*What is being asked:* The listing below should be printed exactly, every line of it. Skip the pictures.
*** Dataset excerpt Section Begins ***
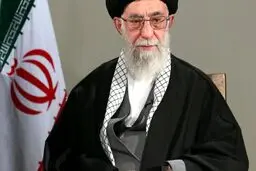پیام فرمانده معظم کل قوا در پی بازگشت ناوگروه ۷۵ نیروی دریایی از دریانوردی پهنه اطلس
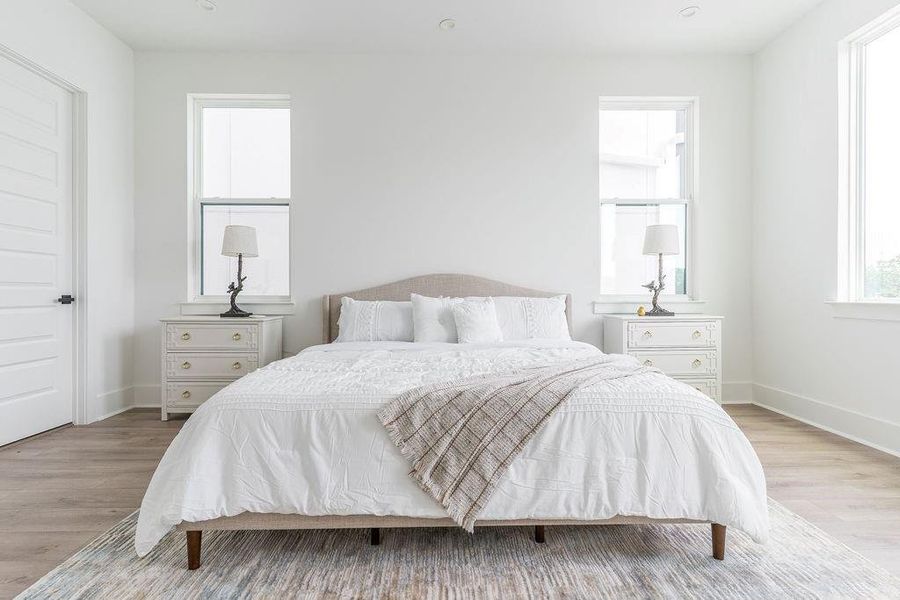 Alternate view of Primary Suite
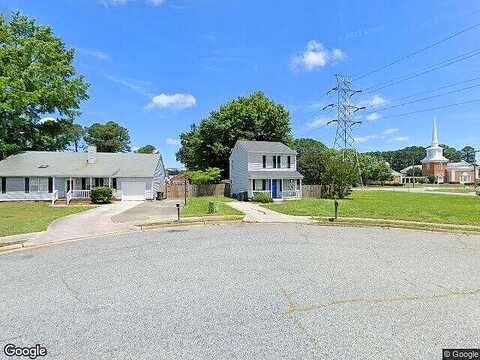Bobs Court, Hampton, VA 23605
*** Dataset excerpt Section Ends ***
*Problem solution:*
پیام فرمانده معظم کل قوا در پی بازگشت ناوگروه ۷۵ نیروی دریایی از دریانوردی پهنه اطلس
 Alternate view of Primary Suite
Bobs Court, Hampton, VA 23605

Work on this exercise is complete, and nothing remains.